Etorix · Jul 18, 2021

The first question would be: Why would you trust a piece of rant on a blog over official documentation?

Short answer: Any kind of redundancy (raidzN, mirror, copies=2) allows ZFS to repair data correction; single drive vdevs with copies=1 do not.

Longer answer: The blogger is ranting in defence of RAID5 and arguing that this configuration still have use cases over RAID6 or over the more elaborate ZFS solutions. He never mentions ZFS mirrors and only mentions RAID-10 twice, only to dismiss it immediately as an enterprise-only setup that is too expensive for the little guy, which is his explicit and exclusive viewpoint.
Assuming that one reads him carefully and performs regular backups of the RAID5 array as he mandates, he may have a point—except that the little guy is unlikely to take all due care and bother to have a second NAS setup to automatically backup his first NAS, and that RAID5 on large HDDs with no proper backup remains a disaster waiting to happen to the little guy's precious data.

winnielinnie · Jul 18, 2021

Etorix said:
The first question would be: Why would you trust a piece of rant on a blog over official documentation?

I didn't, but I was genuinely curious that "perhaps I missed an important detail, because he reiterates the same point specifically about RAID-Z multiple times, as if he knows something that ZFS users are unaware of?" I read Oracle (old) and OpenZFS documenation in regards to bit rot, and they made no mention about RAID-Z being required; simply that some level of redundancy needs to be used. (My original and current assumption.)

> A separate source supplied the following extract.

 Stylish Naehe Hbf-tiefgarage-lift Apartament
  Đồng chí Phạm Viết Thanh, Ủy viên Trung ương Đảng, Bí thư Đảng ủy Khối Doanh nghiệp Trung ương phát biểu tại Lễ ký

In fact, I stumbled across such documentation around the same time I found his article (and immediately noticed his tone, but still read through it.)

- - -

If you search with Google (without quotes): how does zfs protect against bit rot

...his blog post is the third or fourth result!

- - -

In his post, I found no mention about Mirror vDevs, nor "copies=N", nor single-device vDevs. That's why I continued to read through some of his comments, as he kept reiterating "RAID-Z is required." Other readers were thankful that he brought such a "glaring omission" to light, and how the ZFS community is not being honest about bit rot and auto-repairing of corrupted data. I read through it with much suspicion, as it didn't make sense on the surface (and thank you for clarifying my doubts about his article!)

My main concern is that his post is at the top of the results for what I believe to be common keywords used in a Google search (in regards to ZFS and data integrity), and upon reading his updates and main body there is no specific clarification about "you need some level of redundancy for protection against data corruption". I figure most people who get into ZFS and care about data integrity are using redundancy (mirror, RAID-Z) by default, anyways. Again, this adds confusion for his main arguments against ZFS' inability to safeguard and repair corrupted data. (Since my belief that most people who go out of there way to build ZFS pools use underlying redundancy of multiple drives.)

Yes, it's true that redundancy and protection against bit rot is not a substitute for a smart backup strategy, but for such a blog post that hits the "top of the list" when searching for how ZFS protects against bit rot, I think it does a disservice to curious users that want to switch over to ZFS for their longterm data storage.

Etorix · Jul 18, 2021

Well, you might have found another instance where Google ranking is less than adequate—possibly as a result of taking buzz (number of pages referring to an angry polemical blog post) as a proxy for relevance, most likely as a result as defining, by design, "ranking relevance" as "click bait around which we can sell ads" rather the definition you expect.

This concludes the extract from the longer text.